Trivial Profits Trump Public Health and Safety For South Sacramento Neighborhood

Wells Fargo, SMUD, PG&E, Proctor & Gamble want peak-power gas supply put under Glen Elder neighborhood by Michael Monasky The C...


Wells Fargo, SMUD, PG&E, Proctor & Gamble want peak-power gas supply put under Glen Elder neighborhood

by Michael Monasky

The California Public Utilities Commission will decide at a Thursday, June 21, 2012 hearing in San Francisco whether to approve an application by a firm to store eight billion cubic feet of natural gas under the Avondale-Glen Elder community in south Sacramento. A September 2009 hearing by a CPUC administrative law judge determined that the applicant, Sacramento Natural Gas Storage, had hindered some members of the public from participating in the regulatory hearing. SNGS was not fined, but has been subjected to another approval process.

A rare visit by Commissioner Catherine Sandoval on Monday culminated in a tour of the proposed project and impacted neighborhood by the affected parties, including neighbors, the applicants, city officials, and the media. The bus tour passed by the pipeline between the Sacramento Army Depot and the Proctor & Gamble gas-powered electrical co-generation plant. A compressor will be stationed at the south end of the Depot near a solar panel project. A well-head, with five to six gas wells and two water re-injection wells, will be located on Power Inn Road across from Danny Nunn Park, a water reservoir facility. Ironically, the CPUC-mandated bus tour lumbered through the affected neighborhood, which lost its Regional Transit bus service a few years ago.

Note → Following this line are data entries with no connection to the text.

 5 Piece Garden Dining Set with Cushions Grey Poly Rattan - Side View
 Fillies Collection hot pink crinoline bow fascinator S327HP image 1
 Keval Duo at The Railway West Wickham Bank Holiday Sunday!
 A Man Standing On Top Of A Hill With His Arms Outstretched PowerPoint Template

The parties convened at the Coloma Community Center after the tour. They were met by a large crowd of neighbors in opposition to the project. Commissioner Sandoval asked SNGS what will keep the gas in the designated fields. Their legal staff answered that the porous sandstone holds the injected gas under pressure below 300 feet of cap rock composed of shale. When asked of the risk of leakage, the company said it was about one in two billion if subjected to an 8.8 earthquake. However, the company also admitted that safety standards required pressures less than 2500 psi. Mother nature stores natural gas at pressures of about 1700 psi. Injection pressures are about 10% higher (about 1800 psi), and industrial standards are about 30% higher (about 2200 psi).

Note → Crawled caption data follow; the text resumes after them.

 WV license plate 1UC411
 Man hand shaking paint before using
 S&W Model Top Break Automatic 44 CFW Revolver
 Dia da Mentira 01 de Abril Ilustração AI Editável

Stephen Goldberg, of Legal Services of Northern California, spoke for the opponent residents. He said that a “risk of leak” was reported in the environmental impact report (EIR). He said that there is a seismically inactive fault line in the storage field, called the Winter's fault, that could cause gas leakage due to channels in the rock. Goldberg claimed that there is a “discrepancy between the experts,” but that “injection into the field raises the risk” of gas leakage. Shale cap rock is not impervious, he alleged, because injected gas, under pressure, can migrate sideways through the channels of the Winter's fault line, discovered in 1892. Although there is mitigation to prevent vertical migration of gas to the surface, no such measures exist to stop lateral movement of pressurized gas stored underground.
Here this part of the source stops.